Creating the databases
In a separate directory, I have created Terraform code to create PostgreSQL on
RDS in version 13. I have defined also variables that we have to provide from
the vpc
module. The full code is in
postgresql
directory.
I will take the password from Secrets Manager's Secret I have created in the VPC
part. You can't use manage_master_user_password
because such configuration is
not supported for blue/green deployments in RDS.
data "aws_secretsmanager_secret" "root_password" {
name = "rds-root-password"
}
data "aws_secretsmanager_secret_version" "root_password" {
secret_id = data.aws_secretsmanager_secret.root_password.id
}
resource "aws_db_subnet_group" "rds" {
name = "postgresql-database-subnet-group"
description = "Subnet group for RDS PostgreSQL database"
subnet_ids = var.subnet_ids
}
resource "aws_db_instance" "postgresql" {
identifier = "postgresql-database"
# Database configuration
db_name = "postgresql_database"
engine = "postgres"
engine_version = "13.21"
# Instance configuration
instance_class = "db.t4g.medium"
allocated_storage = 20
storage_type = "gp3"
storage_encrypted = true
# Network configuration
vpc_security_group_ids = [var.security_group_id]
db_subnet_group_name = aws_db_subnet_group.rds.name
publicly_accessible = false
multi_az = false
# Authentication
username = "root"
password = jsondecode(data.aws_secretsmanager_secret_version.root_password.secret_string).password
# Backup and maintenance
backup_retention_period = 1
deletion_protection = false
auto_minor_version_upgrade = false
skip_final_snapshot = true
}
To configure it completely, in postgresql
directory create a file called
terraform.tfvars
with the following content (based on applied VPC part, use
tofu output
to get the values). Alternatively, you can combine the two
directories as modules and pass outputs directly.

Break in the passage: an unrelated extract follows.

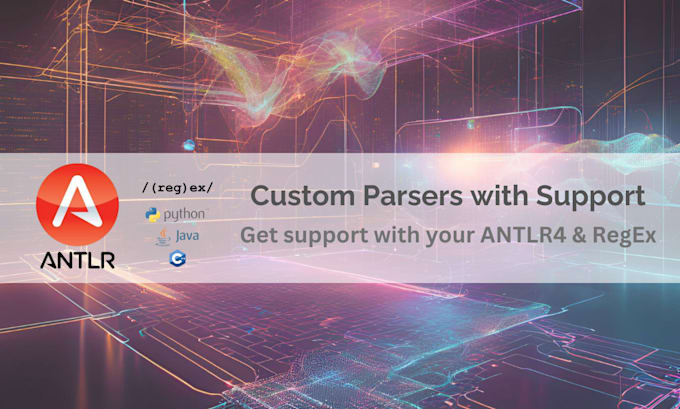 Gig Preview - Create, support, fix parsers and interpreters in antlr4 and regex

# Output from the VPC module
# postgresql_sg_id = "sg-0789abcd123456789"
# private_subnet_ids = [
# "subnet-00112233445566778",
# "subnet-0ef12345678901234",
# ]
secret_name = "rds-root-password"
security_group_id = "sg-0789abcd123456789"
subnet_ids = [
"subnet-00112233445566778",
"subnet-0ef12345678901234",
]
Apply it to create the database. Similarly I have created a MySQL RDS database
in version 8.0 using CloudFormation. I will provide also the security group and
the subnet IDs from the VPC module. I will use AWS CLI to deploy the template.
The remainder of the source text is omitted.